Its Apple News app, launched Wednesday with the release of its new mobile operating system, is the latest and perhaps best-funded attempt to deliver readers a selection of stories from around the mediasphere that’s tailored to their specific interests and reading habits. (Disclosure: Slate is one of about 50 publications that signed on with Apple to place their content on Apple News prior to its launch. Many more are lined up to join them in the months to come.)

Like Apple Music before it, Apple News enjoys a distinct advantage over third-party competitors by virtue of coming preinstalled on every iPhone and iPad running iOS 9. Also like Apple Music before it, the app immediately impresses with its appealing interface—and gradually disappoints with its as-yet-unrealized potential.

Open the app, and you’ll be prompted to select some publications and topics you’re interested in. Oblige, and Apple will reward you by populating the default “For You” tab in the app with a cleanly arranged stream of recent stories culled from the outlets you’ve specified.

There are four other tabs—“Favorites,” “Explore,” “Search,” and “Saved”—but “For You” is the default, and its tailored recommendations form the core of the app’s offerings. So if Apple News is to succeed where everyone else has failed, those recommendations had better be good.

They’re not. Not at first, anyway.

Screenshot via Apple

My first batch of personalized picks began promisingly enough, with an attractively illustrated essay by New York’s Jonathan Chait on how the world is finally getting serious about climate change. Presented in a larger format than the other stories in my stream, it appears to have been Apple News’ version of a cover story.

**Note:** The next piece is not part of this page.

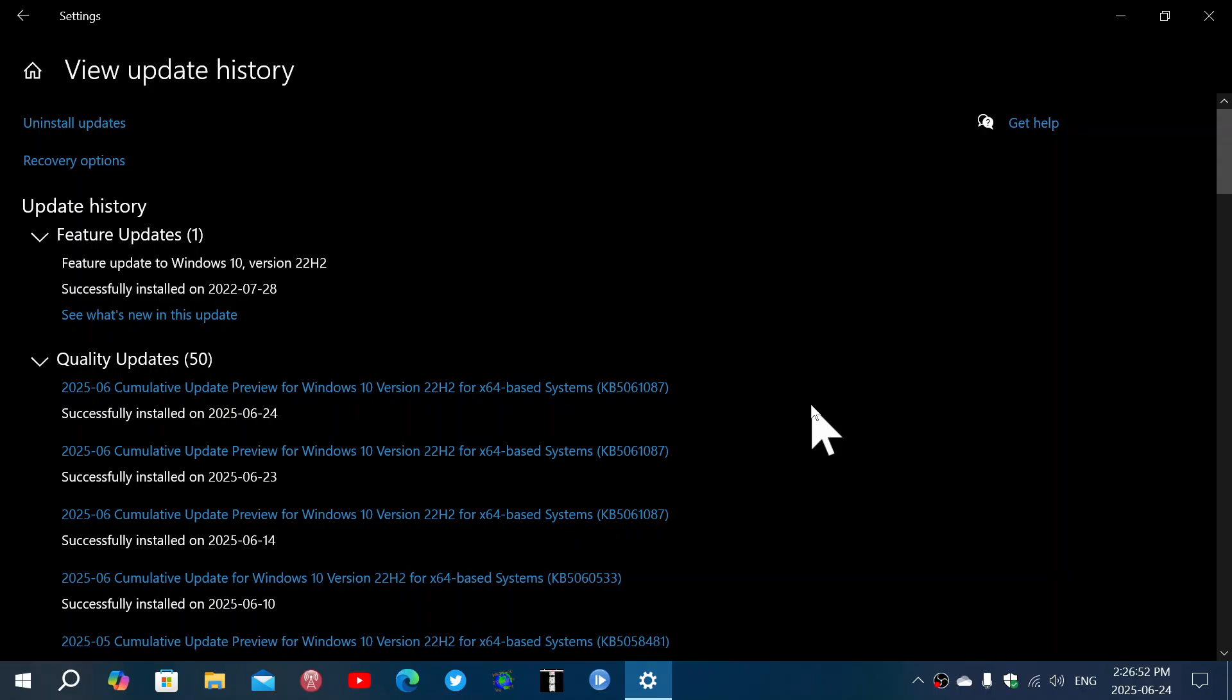A Start menu issue causing jump lists to disappear, and also a Start menu issue that was not starting after installing an update.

That’s a good idea, if so. An enlarged lead story provides the instant focal point that is a staple of Web and print design but largely absent from social media feeds. But I’ve yet to see another story presented in this format on Apple News, which suggests that this feature may be at least partly a product of human rather than automated curation. Apple has said that both factor into its recommendations, but declined to specify their respective roles.  

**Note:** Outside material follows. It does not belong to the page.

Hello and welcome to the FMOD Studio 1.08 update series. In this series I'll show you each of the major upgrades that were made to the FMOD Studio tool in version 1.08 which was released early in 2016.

What came after that lead story was less impressive. Next in my feed was an ESPN news brief about an Atlanta Falcons player getting fined $23,000. For what, I couldn’t say, as the story description cut off and I didn’t take the time to click. I like sports and had selected ESPN among the publishers I’m interested in, but I have no particular interest in the Falcons. Even if I did, this story didn’t feel like the sort of big news or juicy tidbit that a good ranking algorithm would put second in anyone’s feed. Also ranking highly in my Apple News feed, but quite low on my personal priority list, were:

  • a Vox review of a new NBC show I’d never heard of
  • a Slate post on the Kardashians and #thighbrow
  • an Economist infographic on emerging-market vulnerabilities, which didn’t render properly in the app

All of these stories came from publications I’d selected in the Apple News onboarding process. Yet I can’t imagine any of them appearing in my Facebook feed, even though I’ve also followed those outlets on Facebook. It isn’t just that the subject matter doesn’t align with my interests. It’s that they aren’t stories that made a big splash, either on social media or their own publications’ home pages. Yet here they were, among Apple News’ very top recommendations for me. How Apple chose them, I have very little idea. The mechanisms that drive its algorithm are opaque.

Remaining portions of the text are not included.